Nach dem israelischen Historiker Tom Segev (hier) ergreifen nun auch Schweizer Schriftsteller Partei für Günter Grass: Der Schriftsteller Adolf Muschg schreibt in einem Beitrag für den "Sonntag", das er nicht verstehe, warum man sich nicht inhaltlich mit dem "ernstgemeinten Beitrag" von Grass beschäftige. Muschg sieht eine Menge "Selbstgefälligkeit", nicht nur bei Grass, sondern auch bei den Medien. Er analysiert dann sehr scharfsinnig die neue Rolle, die die Medien seit dem Fall Wulff in ihrem Selbstverständnis einnehmen: "Das deutet auch auf einen Generationenwechsel in den Redaktionen. Wer die Welt immer noch als Intellektueller sieht wie Graß – nämlich: als Verpflichtung zur moralischen Intervention – ist ein notorischer Schulmeister, der sich selbst maßlos überschätzt und besser vor der eigenen Tür kehren würde. Als Moraltrompeter ist er eine Figur von Vorgestern und bemächtigt sich einer Aufmerksamkeit, die er nicht verdient: so urteilt dieselbe Macht, die sie ihm verschafft hat. Und sie ist, in Sachen öffentlicher Kultur, spätestens seit der Affäre Wulff von der vierten im Staate zur ersten geworden."
Muschg fordert eine sachliche Auseinandersetzung mit Grass' Israel-Kritik und fragt: "Warum führt die Brandwarnung – selbst wenn sie unbegründet wäre – nicht weiter als bis zur Hinrichtung des Feuermelders?"
Andere Schweizer Autoren wie Klaus Merz und Lukas Bärfuss üben zwar auch Kritik am umstrittenen Gedicht, sehen Grass aber ebenfalls nicht als Antisemiten. Pedro Lenz schreibt: "Ich erkenne, selbst nach mehrmaliger und sorgfältiger Lektüre des Gedichts, keine antisemitischen Aussagen darin. Die politischen Ansichten in seinem Gedicht scheinen mir absolut nachvollziehbar und legitim."
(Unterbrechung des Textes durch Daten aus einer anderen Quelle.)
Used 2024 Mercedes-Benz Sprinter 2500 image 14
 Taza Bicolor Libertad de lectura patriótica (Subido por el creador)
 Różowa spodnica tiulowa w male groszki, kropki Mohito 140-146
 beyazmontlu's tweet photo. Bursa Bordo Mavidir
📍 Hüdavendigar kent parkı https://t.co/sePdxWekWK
Und der jüdische Schriftsteller Charles Lewinsky meint einem Bericht des "Sonntag" zufolge: "Wenn man den Begriff der Meinungsfreiheit ernst nimmt, dann darf man das natürlich. Auch wenn man Deutscher ist. Auch wenn man Grass heisst. Nein, als antisemitisch empfinde ich das 'Gedicht' nicht. Nur als peinlich realitätsfremd."